Per Giannone, la Chiesa cattolica coincide con il Male assoluto, ed
è sempre causa di involuzione ed oscurantismo ["...non solo i
corpi, ma, quel che è più, anche le anime, i cuori e gli spiriti de'
sudditi si sottopose a' suoi piedi e strinse fra ceppi e catene"].
Il cattolicesimo è una religione solo di “facciata”, che ha
costruito la propria esistenza soltanto su superstizioni, abusi,
leggende ed inganni, mirando esclusivamente all'accumulo di
ricchezze e potere. Non a caso, le istituzioni giuridiche dello
Stato pontificio sono volte alla distruzione dell'ordine civile e
dello Stato. Occorre quindi che l'autorità laica sia liberata da
ogni ingerenza ecclesiale.
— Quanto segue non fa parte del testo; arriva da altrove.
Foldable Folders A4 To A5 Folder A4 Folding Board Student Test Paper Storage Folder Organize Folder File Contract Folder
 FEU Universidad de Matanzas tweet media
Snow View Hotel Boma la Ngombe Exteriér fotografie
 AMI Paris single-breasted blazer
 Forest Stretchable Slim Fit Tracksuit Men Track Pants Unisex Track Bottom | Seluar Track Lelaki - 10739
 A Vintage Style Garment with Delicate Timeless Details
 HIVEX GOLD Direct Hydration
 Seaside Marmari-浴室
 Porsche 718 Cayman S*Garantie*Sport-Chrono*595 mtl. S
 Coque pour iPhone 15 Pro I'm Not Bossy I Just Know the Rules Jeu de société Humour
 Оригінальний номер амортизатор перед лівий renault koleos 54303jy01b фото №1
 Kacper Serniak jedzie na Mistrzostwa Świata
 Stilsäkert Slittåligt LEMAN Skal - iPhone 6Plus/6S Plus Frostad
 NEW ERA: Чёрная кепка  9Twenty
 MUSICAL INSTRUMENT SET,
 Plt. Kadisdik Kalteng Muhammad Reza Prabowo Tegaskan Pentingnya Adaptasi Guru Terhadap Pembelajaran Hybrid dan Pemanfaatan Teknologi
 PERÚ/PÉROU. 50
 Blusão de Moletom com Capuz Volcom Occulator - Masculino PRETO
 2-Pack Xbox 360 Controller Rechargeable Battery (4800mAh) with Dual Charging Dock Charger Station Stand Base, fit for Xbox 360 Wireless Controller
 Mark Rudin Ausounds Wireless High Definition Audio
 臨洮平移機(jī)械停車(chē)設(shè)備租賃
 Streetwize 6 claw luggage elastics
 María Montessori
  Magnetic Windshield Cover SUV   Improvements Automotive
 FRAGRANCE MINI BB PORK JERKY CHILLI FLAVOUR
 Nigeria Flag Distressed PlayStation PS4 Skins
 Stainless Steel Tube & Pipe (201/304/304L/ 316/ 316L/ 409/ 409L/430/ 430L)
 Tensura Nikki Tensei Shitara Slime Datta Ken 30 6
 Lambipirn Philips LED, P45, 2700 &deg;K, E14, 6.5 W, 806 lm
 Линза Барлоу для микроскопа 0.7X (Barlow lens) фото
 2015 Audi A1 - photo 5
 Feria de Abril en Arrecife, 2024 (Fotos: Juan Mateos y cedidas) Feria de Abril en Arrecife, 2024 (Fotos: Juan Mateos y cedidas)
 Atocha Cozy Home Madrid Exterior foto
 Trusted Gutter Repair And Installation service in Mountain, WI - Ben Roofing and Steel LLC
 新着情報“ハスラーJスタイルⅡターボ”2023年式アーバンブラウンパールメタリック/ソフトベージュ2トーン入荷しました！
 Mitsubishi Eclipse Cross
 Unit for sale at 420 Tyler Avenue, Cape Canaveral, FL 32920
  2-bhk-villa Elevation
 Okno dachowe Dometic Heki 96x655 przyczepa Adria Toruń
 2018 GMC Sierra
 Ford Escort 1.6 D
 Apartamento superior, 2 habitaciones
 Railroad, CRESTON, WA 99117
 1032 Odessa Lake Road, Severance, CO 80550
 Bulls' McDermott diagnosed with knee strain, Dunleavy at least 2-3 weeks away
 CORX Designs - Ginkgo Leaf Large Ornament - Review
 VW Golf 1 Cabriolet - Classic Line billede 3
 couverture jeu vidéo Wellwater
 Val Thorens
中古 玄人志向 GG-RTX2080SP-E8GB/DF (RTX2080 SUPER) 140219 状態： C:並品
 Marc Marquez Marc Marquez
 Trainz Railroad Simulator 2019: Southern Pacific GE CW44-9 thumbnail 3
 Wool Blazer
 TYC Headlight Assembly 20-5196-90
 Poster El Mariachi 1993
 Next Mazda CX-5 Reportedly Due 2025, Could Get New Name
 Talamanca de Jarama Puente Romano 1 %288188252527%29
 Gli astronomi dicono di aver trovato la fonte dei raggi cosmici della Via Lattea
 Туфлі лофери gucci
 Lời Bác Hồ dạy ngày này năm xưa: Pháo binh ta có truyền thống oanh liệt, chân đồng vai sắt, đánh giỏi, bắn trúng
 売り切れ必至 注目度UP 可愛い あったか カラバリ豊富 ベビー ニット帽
Lo Stato, ossia il Regno di Napoli, deve
emanciparsi dalla servitù al papa.
Il libro fu messo all’Indice (Index librorum prohibitorum) e
Giannone fu scomunicato e scacciato da Napoli. La sua partenza fu in
effetti una vera e propria fuga, poiché il clero gli aveva aizzato
contro il popolino. Riparò a Vienna, dove ebbe la protezione di
importanti personaggi della corte imperiale e gli venne assegnato un
appannaggio affinché potesse proseguire nei suoi studi.
Nel 1734, con l’avvento al trono di
Carlo di Borbone, Giannone tentò
il ritorno a Napoli, ma perseguitato della Chiesa, dovette riparare
a Venezia, da dove venne però espulso il 23 settembre 1735. Vagò,
sotto falso nome, tra Milano e Torino, finché arrivò a Ginevra dove
si converti al calvinismo. In questa città scrisse il Triregno,
rimasto inedito fino al 1895, con cui demolisce le fondamenta
filosofiche del potere temporale papale: il cristianesimo propose
l'ideale di un "regno celeste", da raggiungere però dopo la morte,
mentre la avida ed immorale Chiesa cattolica, ha fondato un indebito
"regno papale" terreno.
Gli ecclesiastici non lo perdono d’occhio e gli tendono un tranello:
attirato con un inganno in territorio sabaudo, viene arrestato e
internato. È il 1°aprile 1736, giorno di Pasqua. Trascorre i
rimanenti 12 anni della sua vita in prigione, nei castelli di
Miolans, di Ceva, ed infine di Torino, dove muore il 7 marzo 1748.